Vikings, Season 1
2013, The History Channel
It’s a show called Vikings. It’s a drama. The protagonists are vikings. They hit people with swords and axes and they sail around in longships and kill Christians and take slaves. The cinematography is absolutely gorgeous and the acting is remarkable. The writing wavers from good to great. The historical accuracy is not particularly high but is better than some people are giving the show credit for.
And it’s about vikings.
You’re either going to want to watch the show or not based on that. There’s little I would want to do to convince you otherwise.
What’s the show about? As I watch it, it’s a show about death. It’s not gory like a war film. The death in it is not by large glorious, not even gratuitous.
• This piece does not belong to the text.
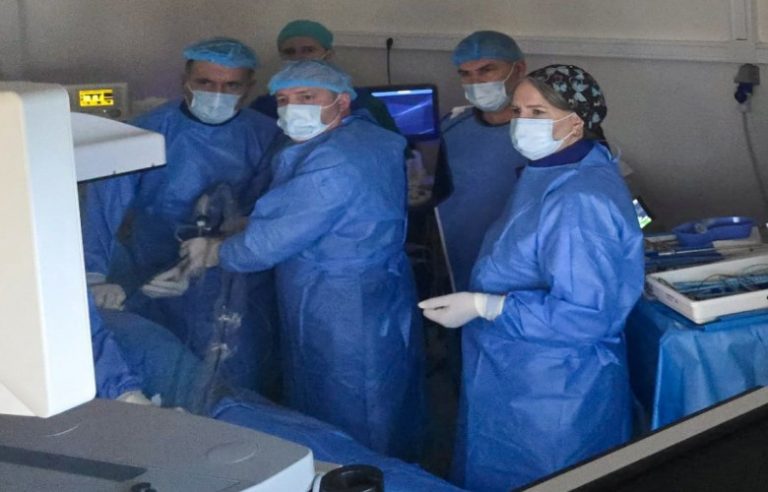 Realizohet intervenimi i parë kirurgjik minimal invaziv për gurë në veshka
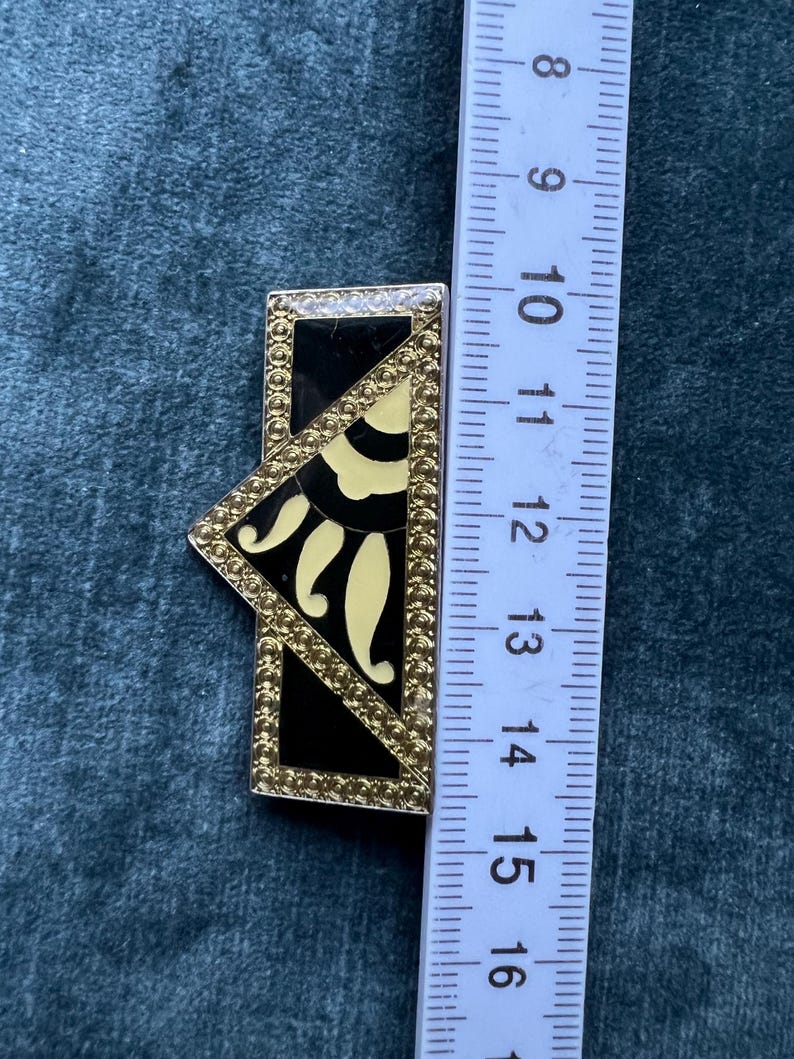 Vintage-inspirierte Art-Deco-Brosche im Pierre-Bex-Stil – Geometrische Emaille-Anstecknadel in Schwarz und Gold – Retro-Statement-Schmuckgeschenk für Sie – 5 cm Bild 3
But the show is about death, and the emotional toll of death, viewed from outside the Christian/Atheist lens chosen by most of the media we’re presented with.
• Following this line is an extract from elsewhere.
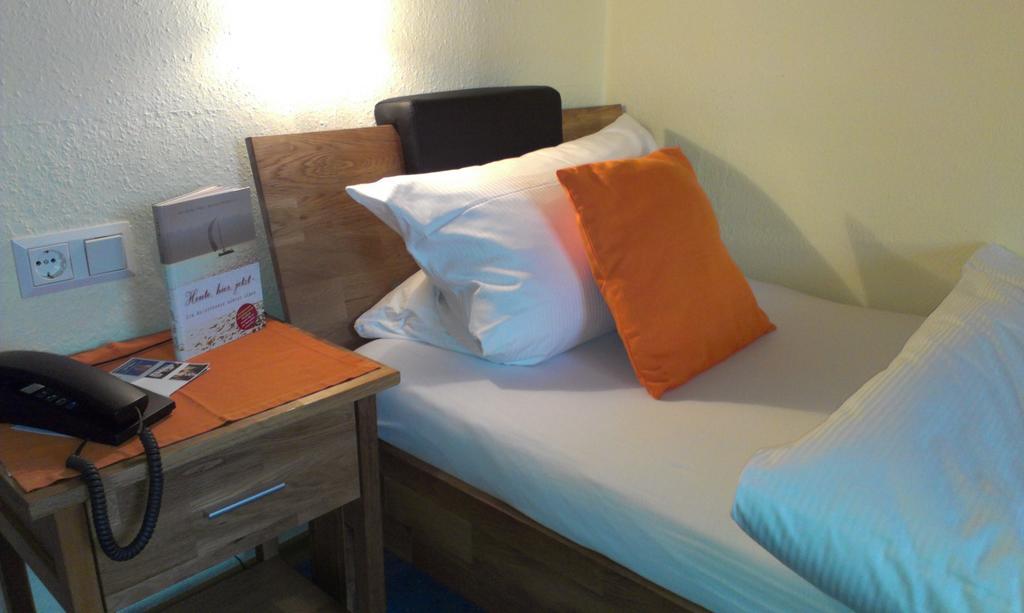 Hotel Zur Post Schönberg Exteriör bild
Now I’m going to jump subjects all the sudden and talk about pirates. Golden Age pirates. “Yarr matey,” “walk the plank,” all that shit. There’s this strange thing that happens in anarchist subculture (and punk subculture, and probably everywhere, to greater or lesser degrees) where people idolize pirates. They say things like “pirates were egalitarians” and “pirates didn’t care about gender” and “pirates hated capitalism” or whatever. And those statements? While there are kernels of truth to be found here and there in them if you cherry-pick, those are myths.
Pirates were, on the whole, slaving, murderous thugs. They may or may not have had an honor among thieves, or an equality between them, but that didn’t stop them from being the aforementioned slaving, murderous thugs.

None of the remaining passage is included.